Why is agentmako returning stale results?

The Reef Engine labels every piece of evidence with a freshness tag: live, fresh_indexed, stale, historical, contradicted, or unknown. If you're getting stale answers:

  1. Check project_index_status — is the index dirty?
  2. Use live_text_search instead of cross_search if you need post-edit accuracy.
  3. Run project_index_refresh with mode: "if_stale" to refresh.
  4. Run project_index_refresh with mode: "force" only if the index seems wrong, not just stale.

Full freshness model: How Mako tracks freshness.

I'm getting "no project attached" errors

You haven't run agentmako connect . from the project directory. Each project is registered separately so Mako knows which SQLite database to read.

cd /path/to/your/project
agentmako connect . --no-db
agentmako doctor

agentmako doctor confirms attachment.

Comparison & context

agentmako vs. raw grep — what's the difference?

Grep is fine for "find this exact string." agentmako is for "what files matter for this task?"

  • Speed: grep is fast for small repos; agentmako is indexed and fast for any size.
  • Type-aware: grep is not; agentmako is (AST-parsed).
  • Knows imports: grep doesn't; agentmako does (imports_impact).
  • Knows routes: grep doesn't; agentmako does (route_trace).
  • Knows schema: grep doesn't; agentmako does (db_table_schema).
  • Returns ranked context: grep doesn't; agentmako does (context_packet).
  • Tokens per agent turn: grep ~5-15k; agentmako ~600.
agentmako vs. Cursor's built-in indexing?

Cursor has a proprietary embedding-based index for Composer. agentmako is complementary, not competing:

  • Cursor's index — semantic, hosted, optimized for Cursor's UI. You can't inspect it or reuse it elsewhere.
  • agentmako — typed graph, local, MCP-exposed. Same context available in Cursor and Claude Code, Codex, Cline simultaneously. You own the data.

Most users run both. Cursor's UI for code search + agentmako for cross-tool agent context.

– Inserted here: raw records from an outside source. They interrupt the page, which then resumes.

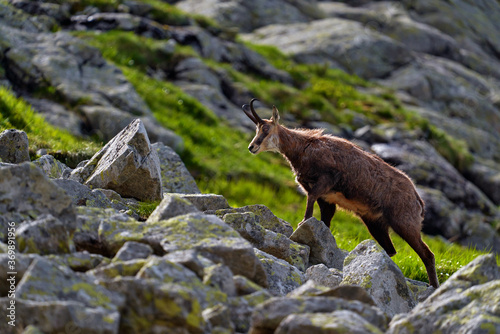 Chamois, Rupicapra rupicapra tatranica, on the rocky hill, stone in background, Vysoke Tatry NP, Slovakia. Wildlife scene with horn animal, endemic rare Chamois. Forest landscape with animal.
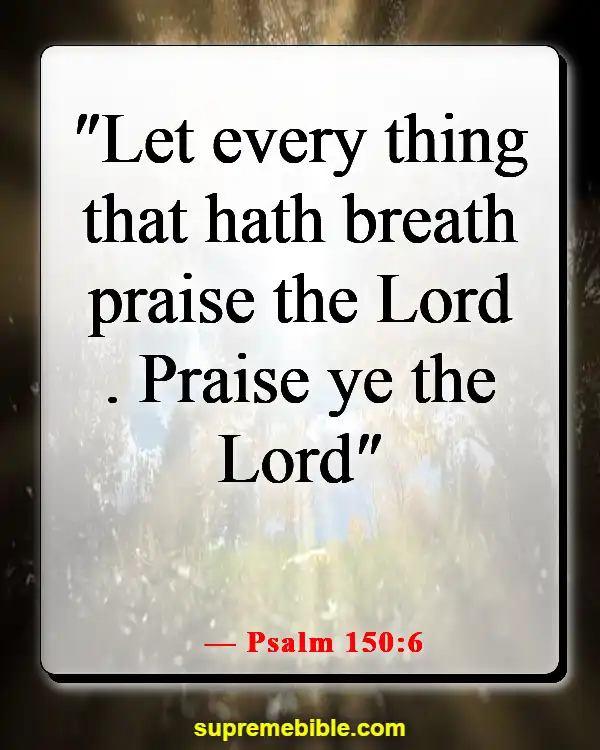 Bible Verse About Heart Of Worship (Psalm 150:6)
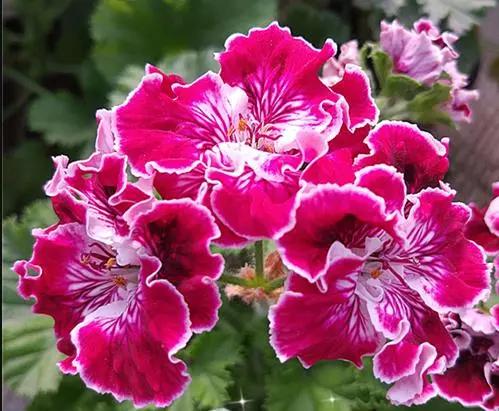 10种天竺葵,天竺葵100种图片大全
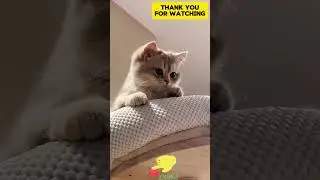 Mischievous and Playful Cats 😹 | Hilarious Feline Antics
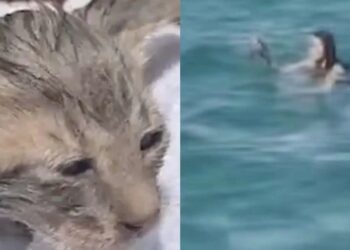 Τουρίστρια έσωσε γατάκι που πνιγόταν στο λιμάνι των Σπετσών – Ονομάστηκε «Σπέτσι» και πάει Αμερική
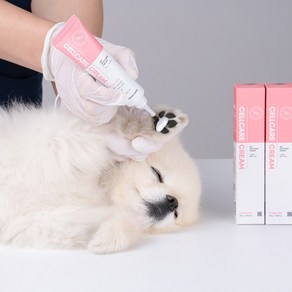 두카메디 셀케어 크림 강아지 고양이 바이오 엑소좀 보습 습진 발크림 발연고 발밤, 30g, 1개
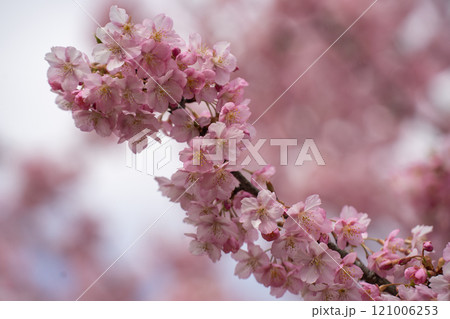 3月初旬の河津桜 3月初旬の河津桜 121006253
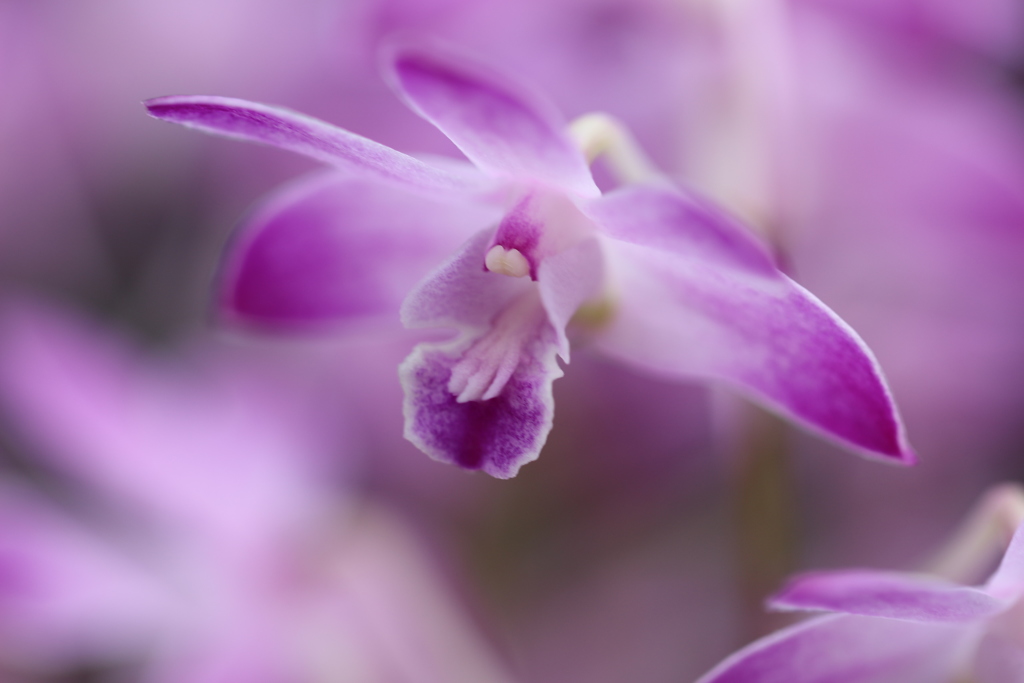 花・群舞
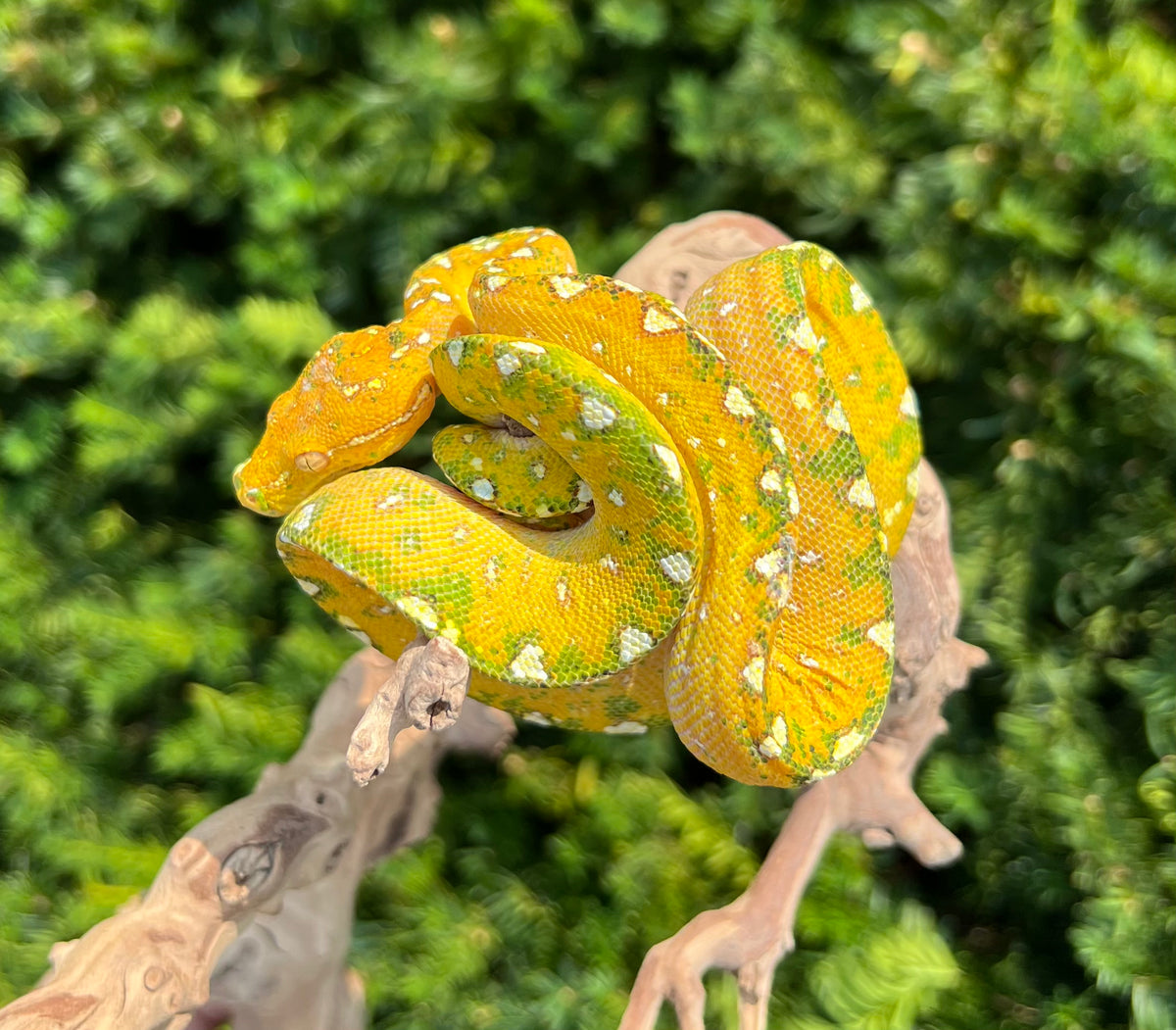 Baby Biak Green Tree Python (7) – Scales and Tails of Ohio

Why MCP and not just direct API calls?

Three reasons MCP wins for this use case:

  1. One server, every client. Build agentmako once, it works in Claude Code, Codex, Cursor, Cline, Continue.dev, and everything else with MCP support — no per-client adapters.
  2. The agent picks the tool. With direct APIs, you'd write integration glue per agent. With MCP, the agent itself decides when to call which tool, based on the schemas you expose.
  3. stdio is simple. No auth, no HTTP, no rate limits. The agent spawns the process, talks to it via stdin/stdout, kills it when done.